The roles of hunter and explorer are both valuable and are, in fact, mutually supportive. Exploring yields valuable information about the landscape, while hunting uses that information to leverage a successful outcome.
Hunting is a tactic that uses a plan to achieve a specific outcome. It's task-focused with "success" defined by the accomplishment of that outcome. Exploring, on the other hand, is an endeavor of curiosity where the "beginner's mind" is an asset and the journey is more important than the destination. It's possibility-focused with "success" defined by uncovering something new.
The Focus of a Hunter
Think about your health, your business and your life in 2008. What hunts did you participate in? Where did you execute on a clearly defined plan? How did you fare? Is it time to take a step back and get a broader view of the landscape? What have you missed because you've been operating with the focus and precision of a hunter's mind?
The Vision of an Explorer
As the new year unfolds, try donning your explorer's cap. View the upcoming year with the curiosity and excitement of an adventurer embarking on new terrain. Is your business where you want it to be? Do your daily practices for cultivating your health support your professional goals? How about your personal goals?
How are you supporting or sabotaging your ability to achieve those goals? What untapped potential is within you? The answers lie in an assessment of your company's health capital.
Your Assets and Liabilities
Traditionally, a balance sheet provides a snapshot of a business's financial status. It summarizes an organization's assets, liabilities and shareholder equity. Since your health is a foundational form of capital that funds your ability to think clearly, maintain high stamina, act with confidence and engage with authenticity, extend your organization's traditional balance sheet to include "health capital."
How are you and your team faring? Chronically tired? That's a liability. Feeling post-pizza lunch indigestion during a client meeting? That's a liability. Making time to get out for a lunch-time run? That's a professional and personal asset.

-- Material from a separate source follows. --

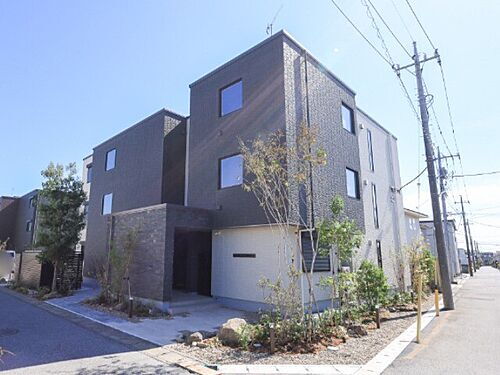 栃木県宇都宮市泉が丘２丁目 3階建 築1年未満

Once you have a good picture of your company's health currency, you'll have a good picture of what goals to make in 2009. Remember, your health is a key currency that funds your potential. Daily actions that honor your health require that you combine the vision of an explorer with the precise and aligned action of a hunter. Once you have--stand back--you're going to blow the lid off of what you currently believe to be possible.